YOUR ASSIGNMENT: Quote each line of the material verbatim, without the pictures.

★ ★ ★

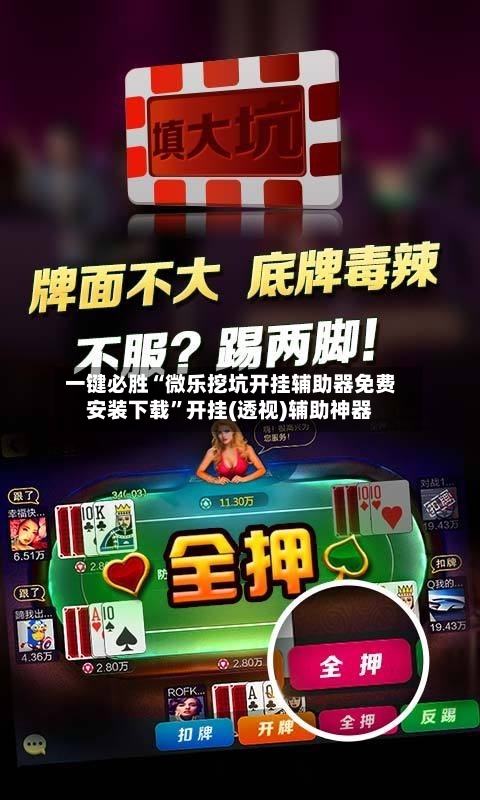 一键必胜“微乐挖坑开挂辅助器免费安装下载”开挂(透视)辅助神器-第1张图片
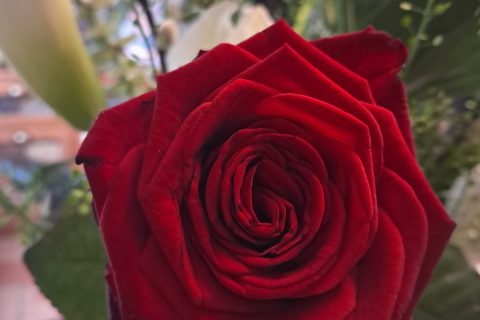 Cliquez pour zoomer ! Photo de chocolatitine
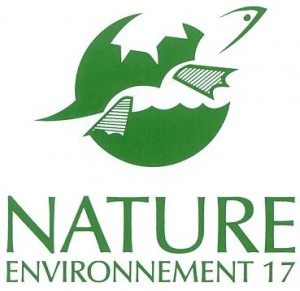 logo NE17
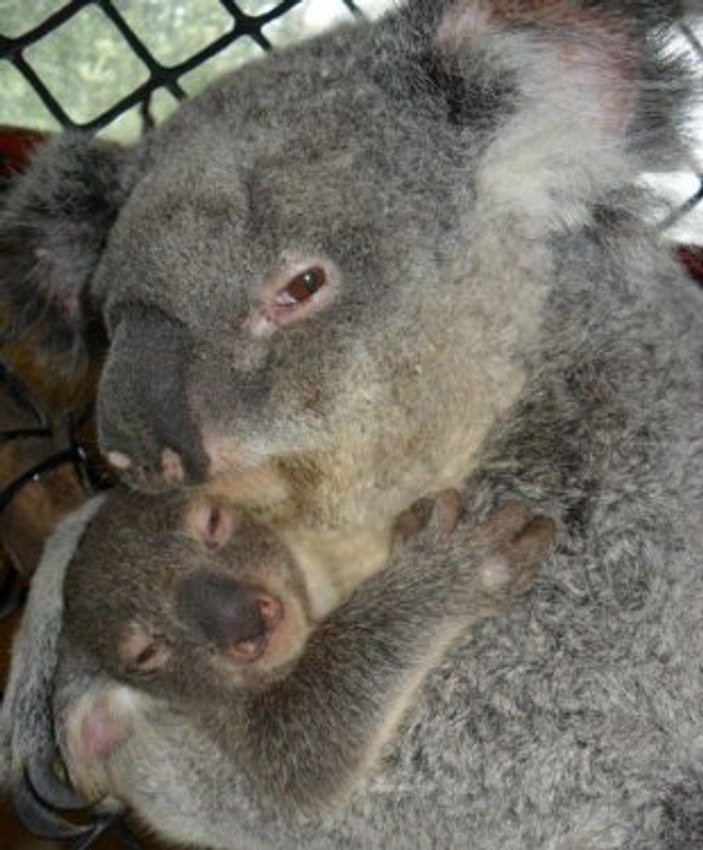 San Francisco'da 12 yılsonra ilk koala doğdu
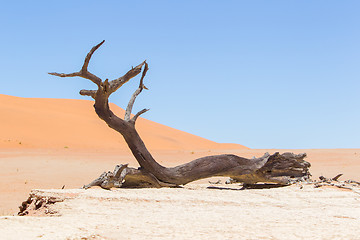 Image showing Dead acacia trees and red dunes of Namib desert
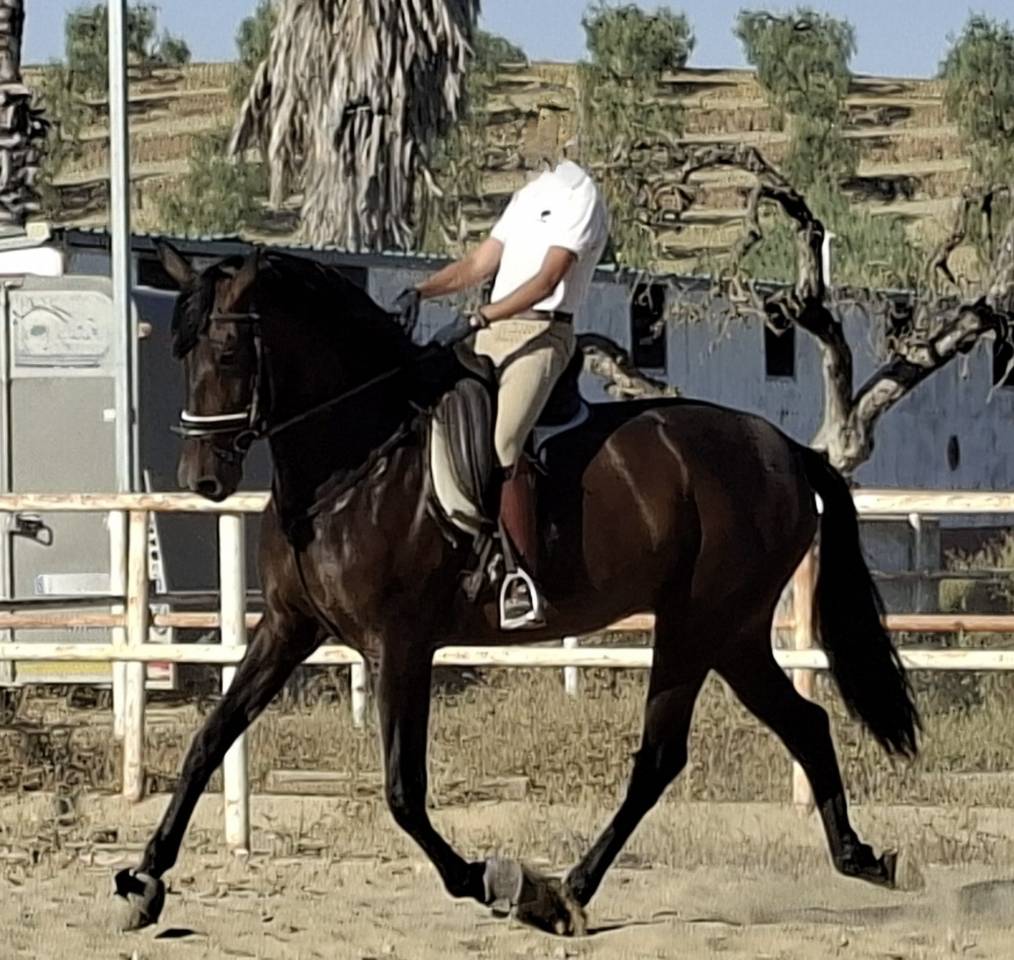 Mare PRE Pure Spanish Bred For sale 2021 Black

★ ★ ★

TASK RESULT:
 一键必胜“微乐挖坑开挂辅助器免费安装下载”开挂(透视)辅助神器-第1张图片
 Cliquez pour zoomer ! Photo de chocolatitine
 logo NE17
 San Francisco'da 12 yılsonra ilk koala doğdu
 Image showing Dead acacia trees and red dunes of Namib desert
 Mare PRE Pure Spanish Bred For sale 2021 Black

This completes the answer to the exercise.